*** Extracted entries ***

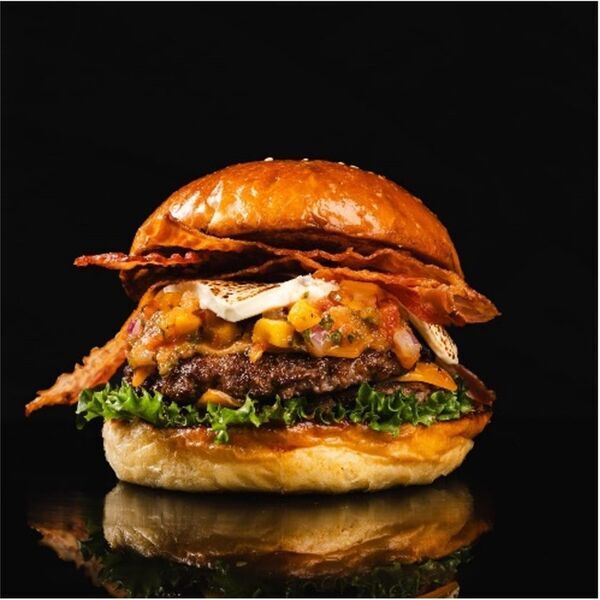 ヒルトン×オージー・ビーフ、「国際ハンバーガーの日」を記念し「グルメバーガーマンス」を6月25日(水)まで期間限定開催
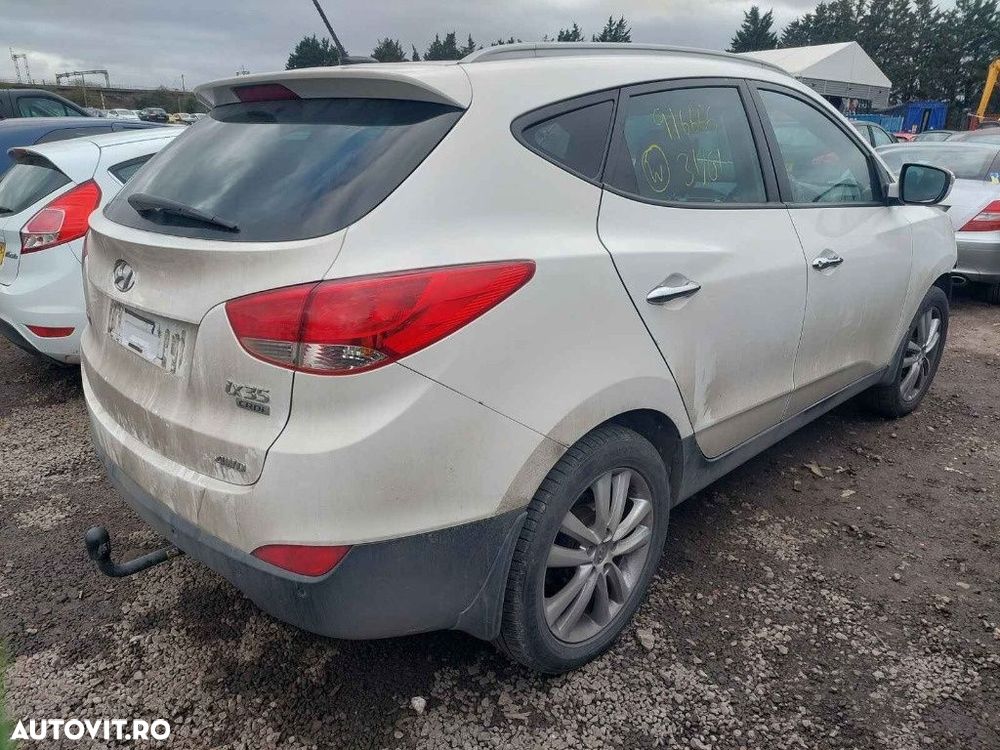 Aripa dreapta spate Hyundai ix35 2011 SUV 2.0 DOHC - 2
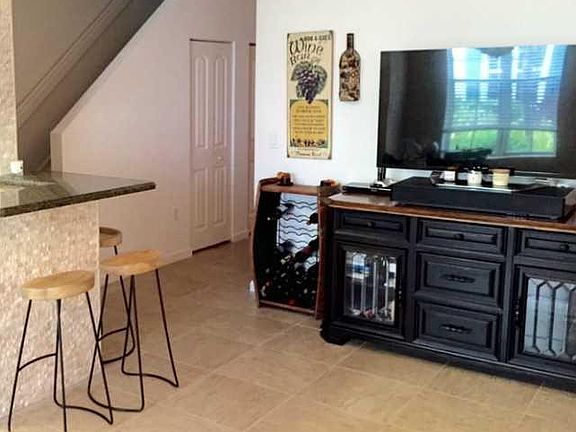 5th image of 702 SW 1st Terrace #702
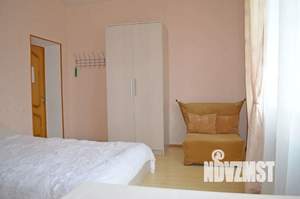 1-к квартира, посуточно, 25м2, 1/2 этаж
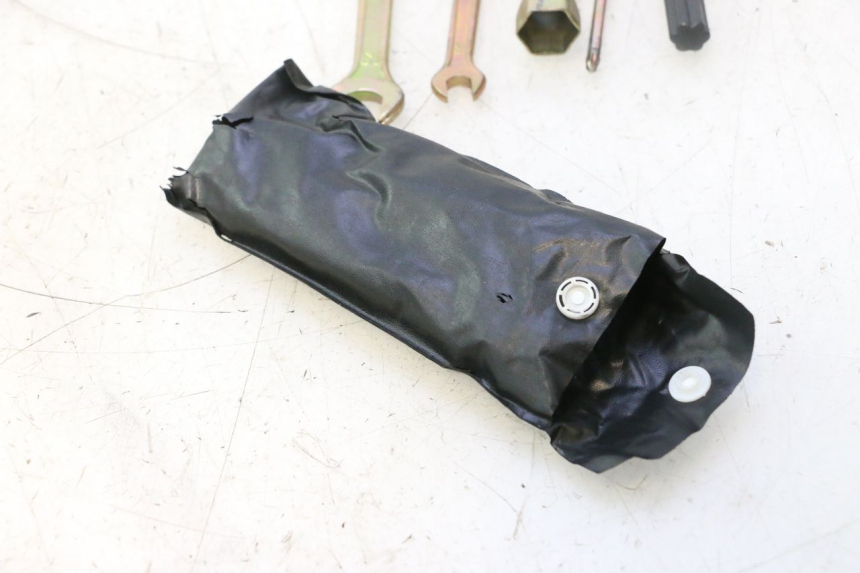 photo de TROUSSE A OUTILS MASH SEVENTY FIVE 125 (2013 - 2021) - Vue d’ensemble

*** End of Extracted entries ***
*** Extracted entries ***

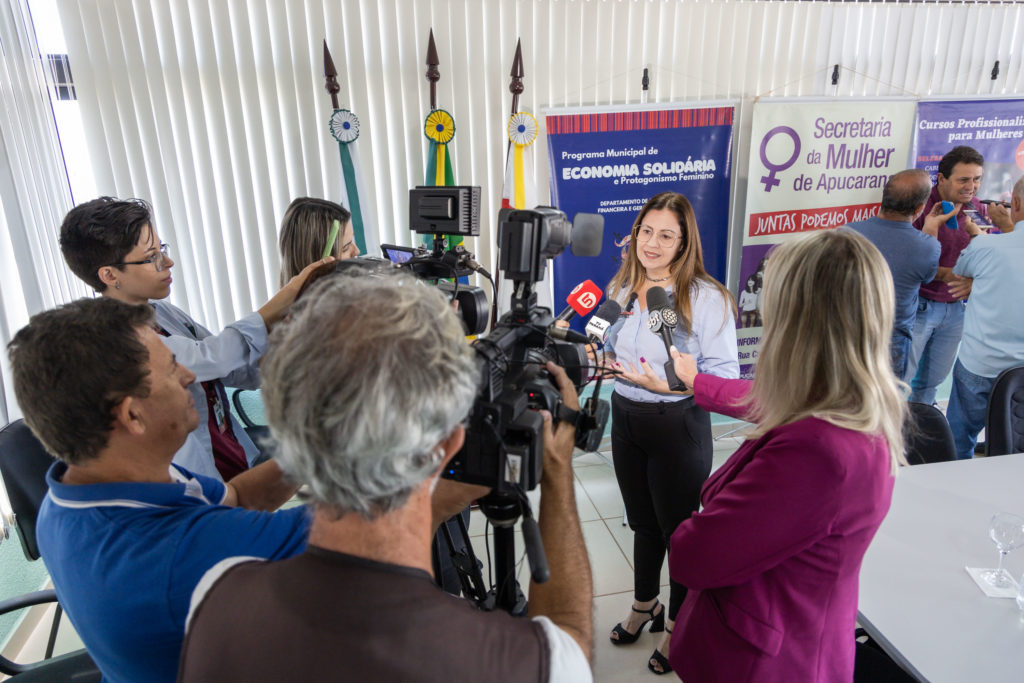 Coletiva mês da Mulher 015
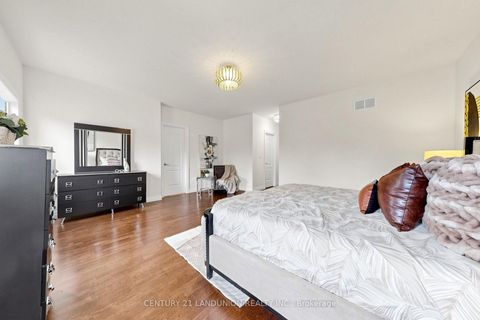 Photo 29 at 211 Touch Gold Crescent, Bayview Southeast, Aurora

*** End of Extracted entries ***

__What is being asked__
Write out the lines above from the one with "Coletiva mês da Mulher 015" through the one with "Photo 29 at", ends included, exactly; no picture goes in.

__Response box__
 Coletiva mês da Mulher 015
 Photo 29 at 211 Touch Gold Crescent, Bayview Southeast, Aurora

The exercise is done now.